Where Are the Problems of Sand Adhesion, Slag Inclusion, and Porosity?

Looking at casting defects both domestically and internationally, the main issues boil down to porosity, slag inclusion, and shrinkage. The core causes are air entrapment and the use of cores. Consequently, vacuum casting and coreless casting methods have emerged as solutions, leading to the development of vacuum lost-foam casting (V-LFC).

Here, I emphasize the word “vacuum”, because it must be fully utilized to address the defects encountered in casting. The advantages of casting in a vacuum or negative-pressure environment are as follows:

1. Reduces porosity defects in castings.
2. Extracts slag inclusions from castings.
3. Improves mold filling ability.
4. Reduces heat loss during pouring.

These benefits are specific to vacuum lost-foam casting, but the key lies in the permeability and slag-passability of the coating.

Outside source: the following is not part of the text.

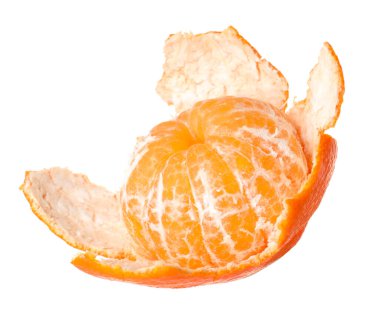 Olgun mandalina kabuğu beyaza izole edilmiş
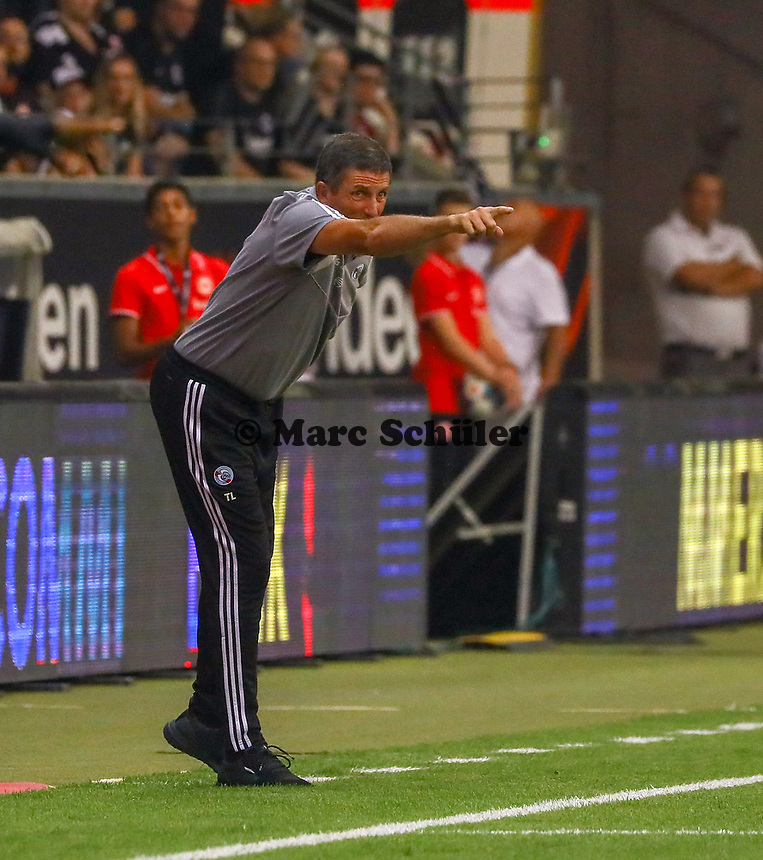 Trainer Thierry Laurey (Racing Club de Strasbourg Alsace) - 29.08.2019: Eintracht Frankfurt vs. Racing Straßburg, UEFA Europa League, Qualifikation, Commerzbank Arena<br />
DISCLAIMER: DFL regulations prohibit any use of photographs as image sequences and/or quasi-video.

Over the years, the domestic vacuum lost-foam casting industry has not addressed the concept of slag-passability. Therefore, I propose a technical approach using fine sand and thin coatings to solve various problems currently faced in China. This approach is not theoretical—it has been applied successfully for many years.

• Fine sand specifications: 80–100 mesh
• Thin coating thickness: 0.3–0.6 mm

Using fine sand as the mold material and thin coatings in aluminum alloy vacuum lost-foam casting, one can observe during mold break-out that the mold surface has a tar-like residue. This residue forms because the aluminum alloy pouring temperature is not high enough to fully vaporize the foam pattern, creating a gelatinous substance. With vacuum suction and slag-passable coating, this gelatinous material is drawn out of the mold cavity and absorbed into the sand, effectively addressing porosity and slag issues in aluminum castings.

From my years of experience in vacuum lost-foam aluminum casting, the same principle applies to vacuum lost-foam cast iron and steel casting. Therefore, I advocate using fine sand and thin coatings in vacuum lost-foam casting. The advantages are:

1. High permeability, effectively reducing porosity.
2. High slag-passability, removing carbonaceous slag and reducing defects.
3. High flowability of fine sand, improving casting precision and reducing sand adhesion.
4. Reduced coating usage, lowering material costs.
5. Faster drying, reducing drying costs.
6. Minimized casting backspray, preventing foam wetting and backspray defects.
7. Low gravitational impact of fine sand, reducing damage to foam patterns and avoiding deformation.
8. Thin coating during slurry application, preventing deformation or breakage of foam patterns.

In contrast, many domestic lost-foam casting factories use thick coatings and coarse sand, sometimes even pea-sized sand. Because coarser sand requires stronger coatings to prevent sand adhesion, thicker coatings are used. However, thicker coatings reduce permeability, and coarse sand further worsens airflow. This creates a vicious cycle:

• Foam patterns easily break during slurry application.
• Multiple slurry coats are needed, allowing moisture to re-enter the foam pattern and causing backspray during pouring.
• Thick, poorly permeable, low-flow coatings lead to porosity and slag defects.

To compensate, pouring temperature is increased and gating is enlarged, which raises costs. Consequently, many lost-foam casting operations are inefficient and costly. Some even resort to creating ceramic shells like traditional lost-wax casting, burning out the foam first, and then pouring, completely defeating the purpose of vacuum lost-foam casting.